Project Overview

Citi Bike users often face bike shortages during certain times and locations. This case study explores key data-driven insights to address availability gaps and guide expansion efforts.

Role: Data Analyst
Tools Used: Python, Pandas, NumPy, Matplotlib, Seaborn, Plotly, Kepler.gl, Streamlit
Data Sources: Citi Bike API, NOAA Weather API (New York, 2022)

➡️ Launch Interactive Dashboard


Objectives

  • Identify high-demand stations and usage trends
  • Understand weather’s impact on ridership
  • Locate underused and underserved areas
  • Recommend redistribution strategies and expansion zones

Visualizations

Bar chart showing the top 20 most-used Citi Bike stations in NYC, highlighting hotspots near major avenues, parks, and transit hubs.
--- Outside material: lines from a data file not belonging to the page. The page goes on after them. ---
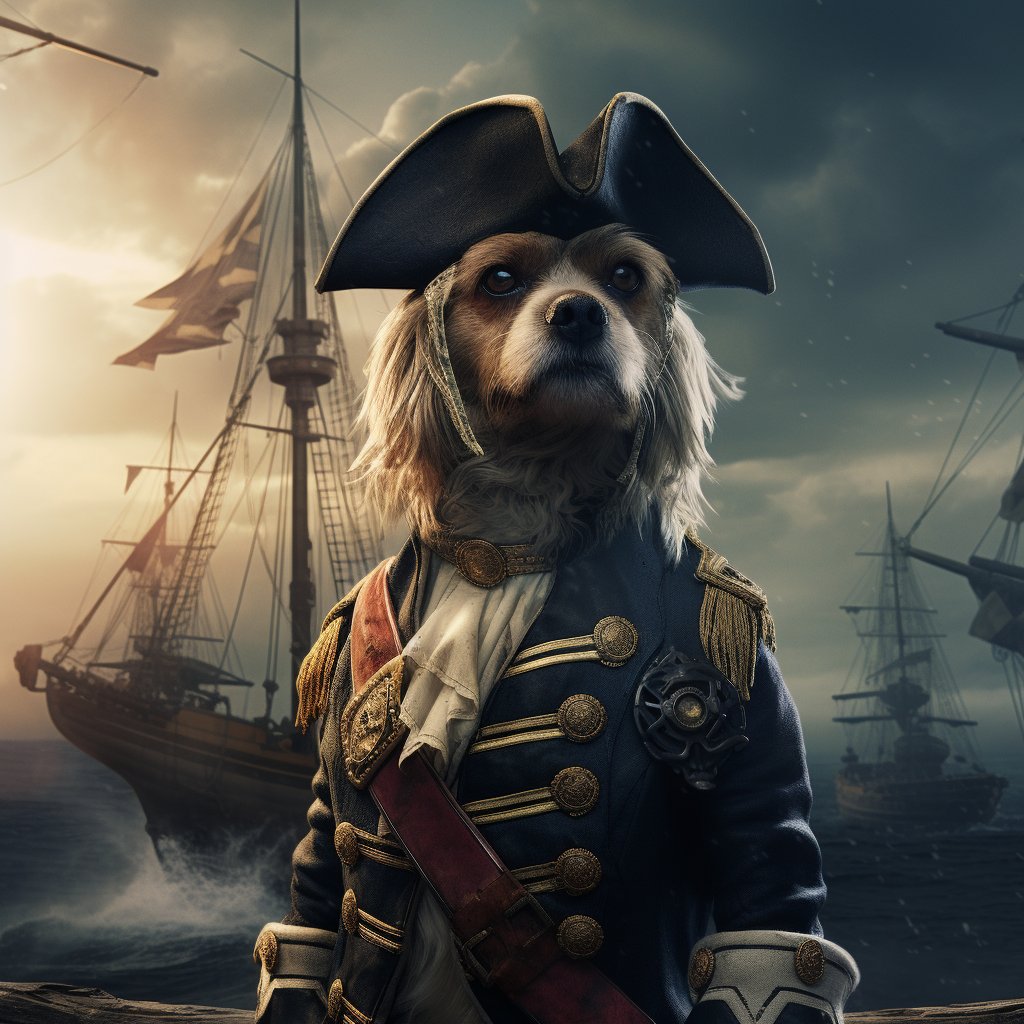 Famous Cat Artists - Purr-fect Masters of Maritime Expression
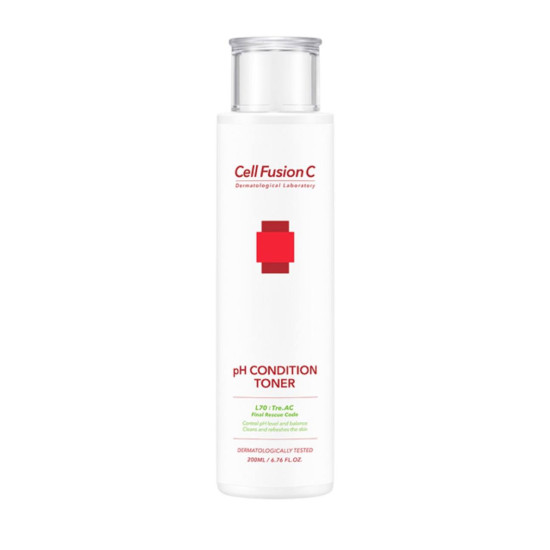 Cell Fusion C Tre.AC pH Condition Toner 200ml 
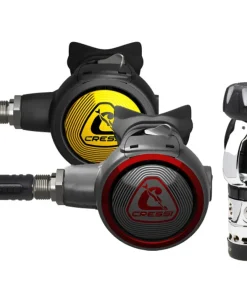 CRESSI-SUB Pack Détendeur^Pack Détendeur Cressi AC5 & Zen - Etrier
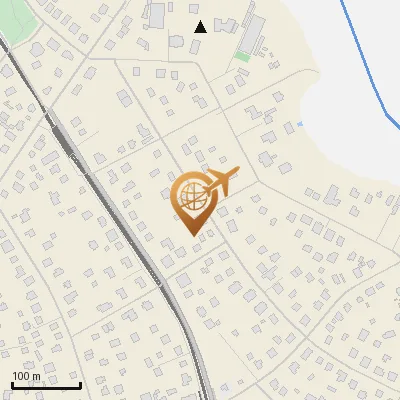 Karte Peitzer Weg 24, 12527 Berlin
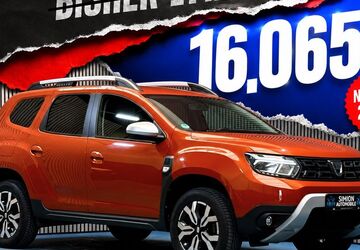 Dacia Duster 44.696 km 16.065 &euro; Engelskirchen 51766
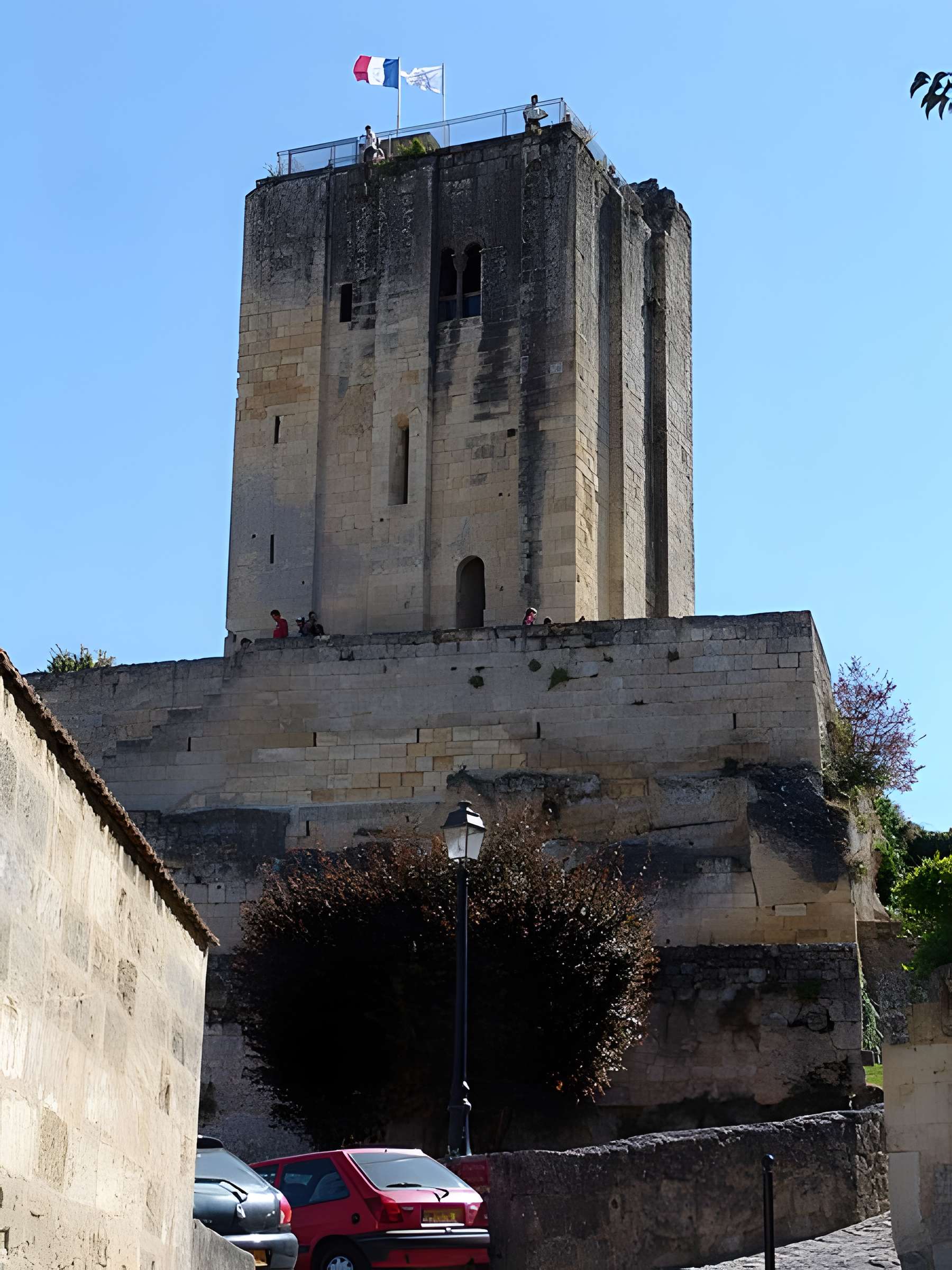 Château du Roi à Saint-Emilion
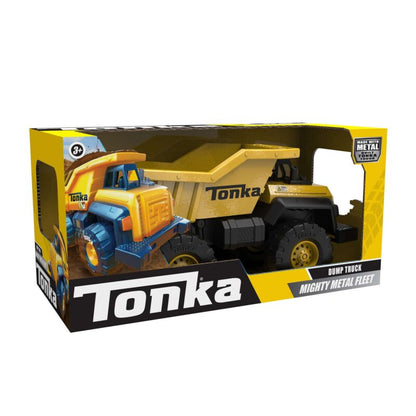 Tonka Mighty Metals Fleet - US 7208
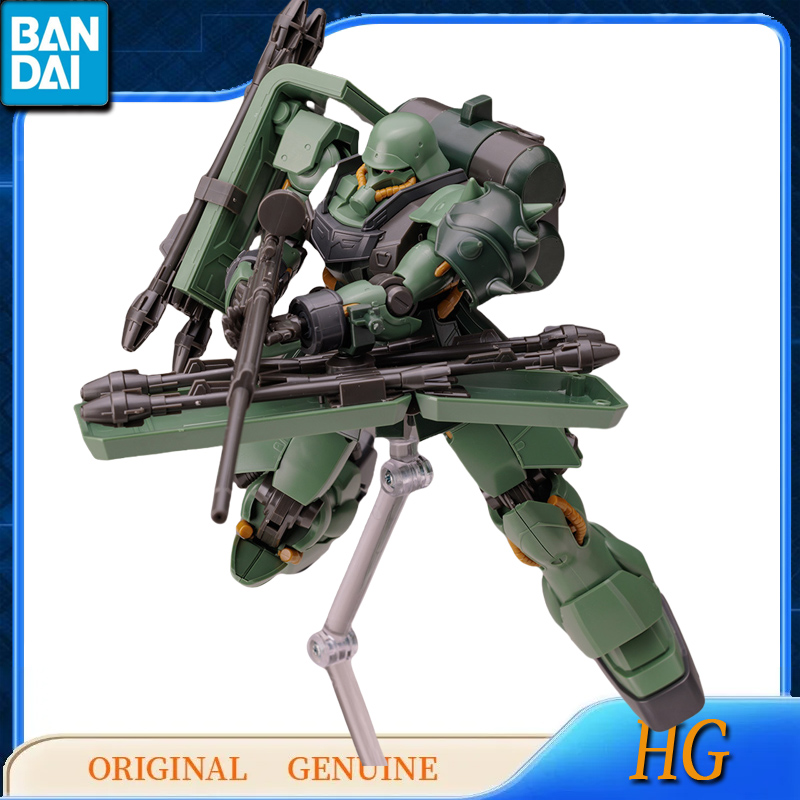 Bandai-Original Genuine Gundam - Bandai Model Gundam Hg avaliação e preço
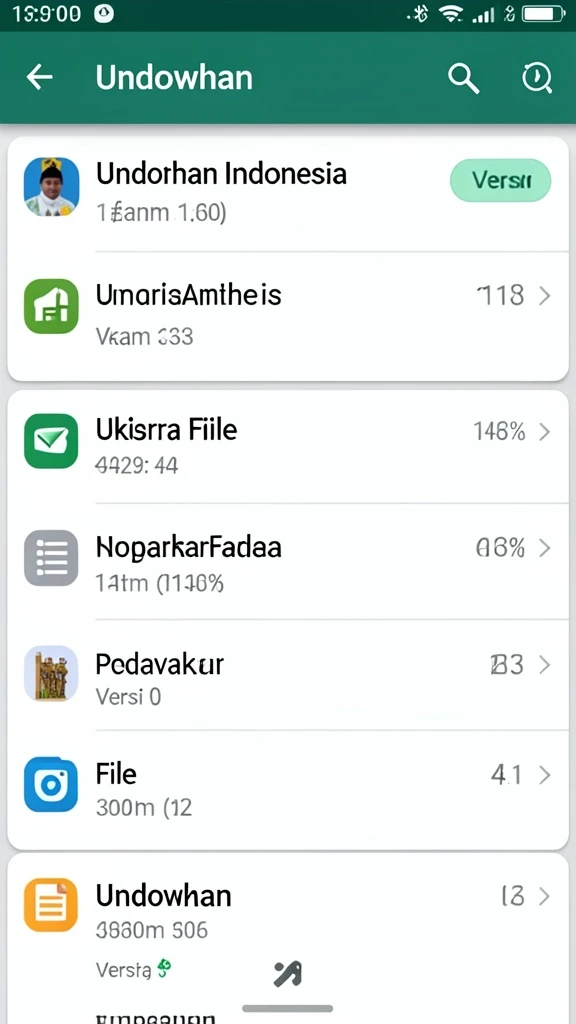 Screenshot kostoto nomor 1
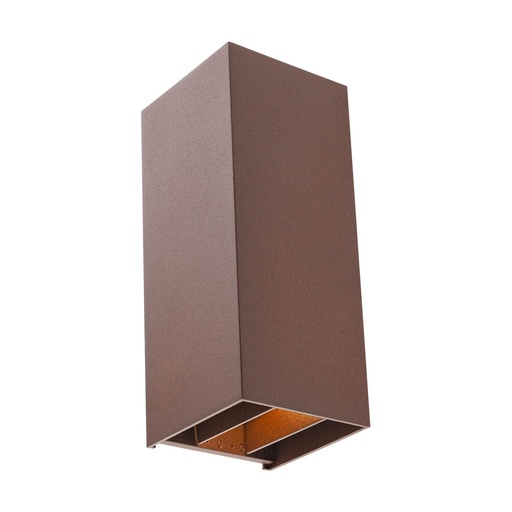 [W4L084038] SONNY AP LED 2*5W IP65 2700K-4000K CO (5.1.2)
Top 20 Most Popular Stations

Figure 1: Top 20 most popular Citi Bike stations in NYC.


Dual-axis chart comparing trip volume with daily average temperature to understand how weather impacts ridership.

Weather and Bike Usage

Figure 2: Seasonal bike usage trends vs. average temperature.


3. Trip Density & Station Distribution

Kepler.gl map showing ride density and station placement across NYC, revealing underserved and high-demand areas.

Aggregated Bike Trips in NY

Figure 3: Interactive map showing aggregated bike trips in New York City.


Challenges & Solutions

Challenge Solution
Extra records from 2021/2023 Filtered by date in Python to isolate 2022 data
Temperature conversion errors Corrected Celsius-to-Fahrenheit formula
Incorrect geospatial plotting Verified and corrected latitude/longitude mapping
Large dashboard file size Filtered out low-frequency trips (under 65) to reduce size

Conclusions & Recommendations

  • Seasonal Optimization: Reduce bike inventory 20–30% in winter; use weather data for demand forecasting.
  • Redistribution: Balance bike supply in high-traffic areas using predictive models.
  • Expansion Opportunities: Add capacity near parks, waterfronts, and underserved areas in Northern Manhattan and outer boroughs.